:: Records provided ::

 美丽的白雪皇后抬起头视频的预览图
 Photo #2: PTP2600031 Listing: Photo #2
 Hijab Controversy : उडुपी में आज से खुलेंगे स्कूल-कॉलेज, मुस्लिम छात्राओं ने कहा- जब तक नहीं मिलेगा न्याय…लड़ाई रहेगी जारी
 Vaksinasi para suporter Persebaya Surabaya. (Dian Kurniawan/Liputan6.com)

:::
:: Records provided ::

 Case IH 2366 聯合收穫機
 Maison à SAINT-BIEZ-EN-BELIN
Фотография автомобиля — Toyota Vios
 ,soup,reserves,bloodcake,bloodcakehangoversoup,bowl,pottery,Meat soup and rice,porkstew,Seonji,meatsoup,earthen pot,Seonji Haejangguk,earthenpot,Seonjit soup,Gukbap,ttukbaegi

:::

**Assigned task**
Reproduce exactly the lines of the records above from the one with "Hijab Controversy : उडुपी" to the one with "Vaksinasi para suporter", both included, and leave out everything else.

**Task response**
 Hijab Controversy : उडुपी में आज से खुलेंगे स्कूल-कॉलेज, मुस्लिम छात्राओं ने कहा- जब तक नहीं मिलेगा न्याय…लड़ाई रहेगी जारी
 Vaksinasi para suporter Persebaya Surabaya. (Dian Kurniawan/Liputan6.com)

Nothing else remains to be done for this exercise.